注意点④断食中の頭痛やだるさは「好転反応」
断食を始めたばかりの頃は、頭痛・眠気・だるさ・下痢・便秘といった体調不良を引き起こすことがあります。
このような断食を原因とする体調不良を「好転反応」といいます。
好転反応とは、断食によって普段の食生活が急激に変わり、体がその変化に慣れていないことで感じる心身の様々な不調のこと。
好転反応を感じると「断食のせいで体調が悪くなった」と思い、断食をやめてしまうことがあります。
しかし、こうした一時的な体調不良は、体内の毒素や老廃物が体外に排出される過程で感じるものであり、体が良い方向に変化しているサインです。

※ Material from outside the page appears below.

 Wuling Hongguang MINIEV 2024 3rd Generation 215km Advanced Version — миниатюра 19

一時的で軽度な体調不良であれば、少し我慢をしてみてください。
ただし、あまりにも体調が悪化した時は、すぐに断食をやめて食生活を元に戻しましょう。
断食前後に読みたいおすすめの本2選
断食を初めて行う方にとって、自らの意思でご飯を食べないという行為は、これまでの生き方に反する行動でもあります。

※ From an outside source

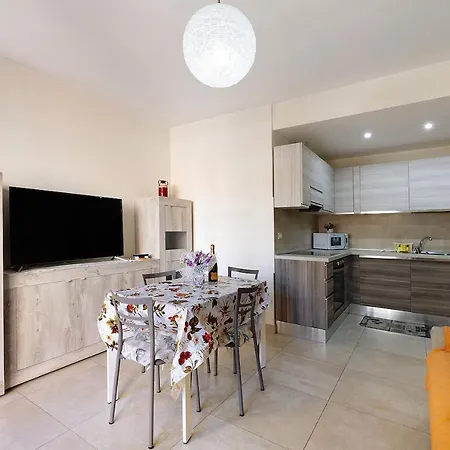 Shanaia Apartment Loano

しかし、断食が多くの人にメリットがあることも、また事実です。
・断食がなぜ体に良いのか?
・断食の効果的なやり方は?
・そもそも私に断食は必要なのか?
こうした疑問に答えてくれるおすすめの書籍を、2冊ご紹介します。
おすすめの本①空腹こそ最強のクスリ
『空腹こそ最強のクスリ』は、いつでも好きなものを食べられる現代において「なぜ断食が必要なのか?」を丁寧に教えてくれる、断食の本質を学べる一冊です。
空腹によって人間が本来もつ「オートファジー」という機能が呼び起こされるように、人間には空腹の時間もまた、健康的に生きる上で必要不可欠なのです。

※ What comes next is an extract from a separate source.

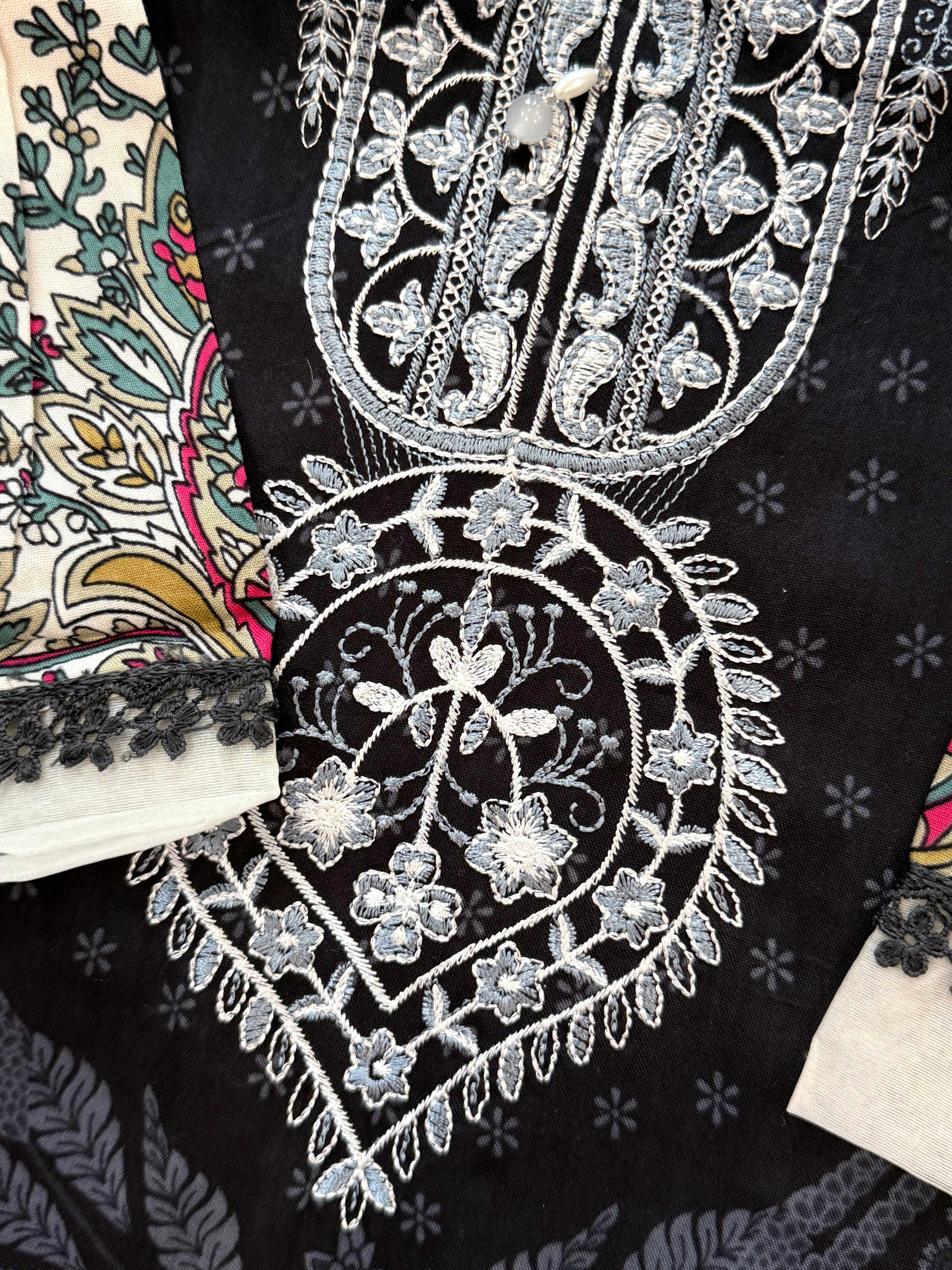 BINSAEED LAWN READYMADE SUIT 3 Q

断食を始める前に『空腹こそ最強のクスリ』を読むことで、「空腹は良くないこと」という意識が根本から変わり、断食を続けるモチベーションを高めることができます。
おすすめの本②食べても太らず、免疫力がつく食事法
『食べても太らず、免疫力がつく食事法』は、「ダイエット=体重を減らすこと」という考え方が決定的に間違っていることを教えてくれる一冊です。
この本を読むことで「肥満」「間違ったダイエット方法」に対する見方が変わり、断食後に食生活を見直すことの重要性を実感できます。
食事を通じて免疫力を高め、理想の体型も健康も維持するコツを知りたい方は、断食と合わせて『食べても太らず、免疫力がつく食事法』もチェックしてみましょう。
まとめ
断食のやり方自体は、
①準備
②実践
③回復
上記の3ステップで説明できるほど簡単なものです。
しかし、これまで当たり前だった食生活を一時的にでも変えることは、心にも体にも大きなストレスを与えます。
そのストレスを和らげ、健康を維持しつつ美容効果を高めるためにも、特に初回は準備を確実に行いましょう。
断食の成功体験は、次の断食のモチベーションにつながります。
コロナの影響で生活習慣が乱れやすい今こそ、断食で食に対する意識を変えてみてはいかがでしょうか。